Hoje, o DEM enfrenta uma espécie de crise de identidade. Ao aceitar que membros do partido integrassem o governo Bolsonaro, suas lideranças deixaram claro que concordavam com o projeto político do atual presidente. Essa posição minou a unidade partidária, e os resultados desse quadro começaram a aparecer.
O epicentro da briga se deu entre o presidente nacional da legenda, ACM Neto, e o ex-presidente da Câmara dos Deputados, Rodrigo Maia. Esse último sentiu-se traído pelo comando partidário no processo de sucessão na Casa. Seu candidato, Baleia Rossi (MDB-SP), foi abandonado por boa parte dos deputados do DEM, com o aval de Magalhães, e passaram a apoiar Arthur Lira (PP/AL), candidato do Planalto. A derrota do emedebista fez eclodir a crise interna.

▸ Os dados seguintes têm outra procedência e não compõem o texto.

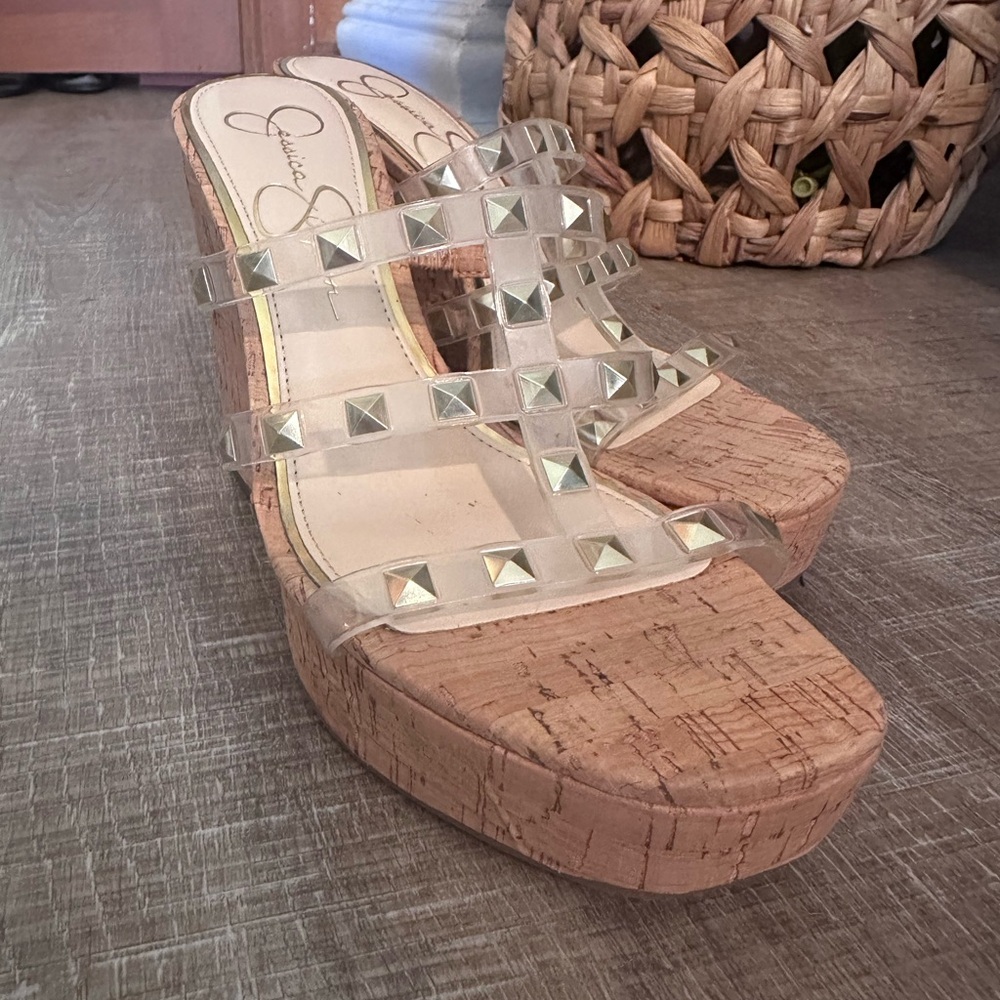 Jessica Simpson Clear Studded Platform Sandals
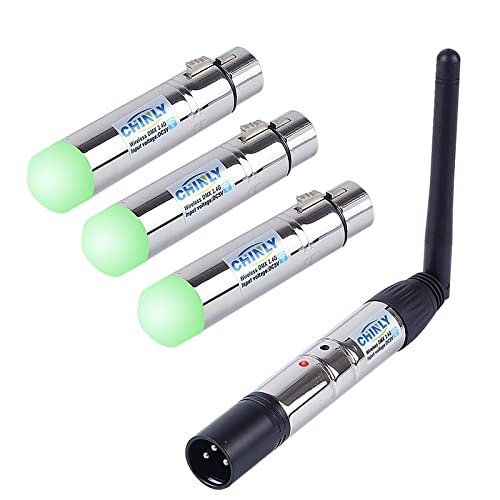4pcs DMX512 DMX Dfi DJ 2.4G Wireless 3 Receiver with Light Dome & 1 Transmitter LED Lighting Control Short version for LED Stage Par Party Light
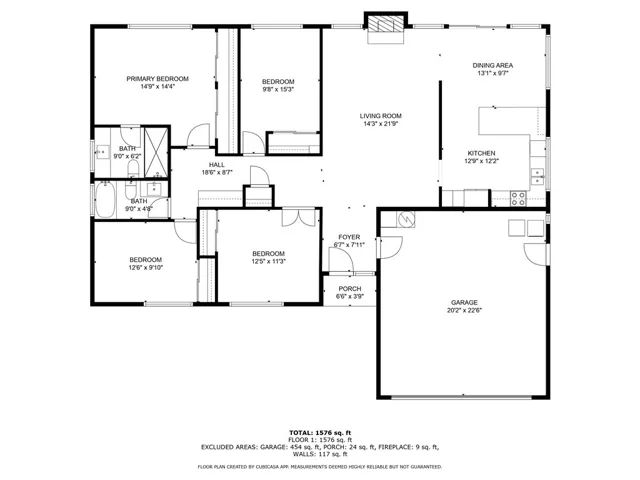 Floorplan - Please note - the square footage on the floorplan was estimated by CubiCasa software and should not be considered accurate, only estimated.
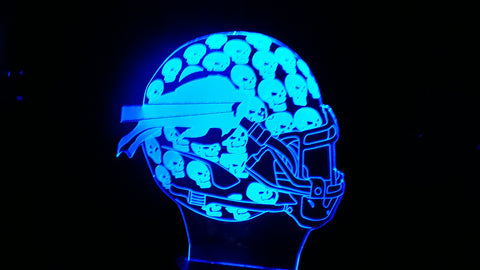 Buffalo Bills Skulls Helmet NFL MINI 6 inch Color-Changing LED Helmet Night Light Lamp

O resultado foi inevitável. Nomes importantes do partido, como o próprio Maia, o prefeito do Rio de Janeiro, Eduardo Paes, e o vice-governador paulista Rodrigo Garcia deixaram a legenda. Com eles, diversos deputados federais e estaduais, prefeitos e vereadores. O DEM sofreu uma perda considerável.
Importante notar aqui que, ao se aproximar do governo Bolsonaro, o DEM, sem consistência programática, perdeu identidade. Aos olhos do eleitor médio, o partido parece um satélite do PP – referência do Centrão e com uma clara agenda de direita, bem ao gosto dos apoiadores de Bolsonaro.
Para virar o jogo, cabe à cúpula do DEM estabelecer um programa de revitalização do partido, com novas ideias e propostas que atraiam o eleitor. Isso tem de ser feito rapidamente, pois as eleições se aproximam. Do contrário, a legenda se perderá definitivamente no cipoal partidário brasileiro – apenas mais um, sem relevância alguma.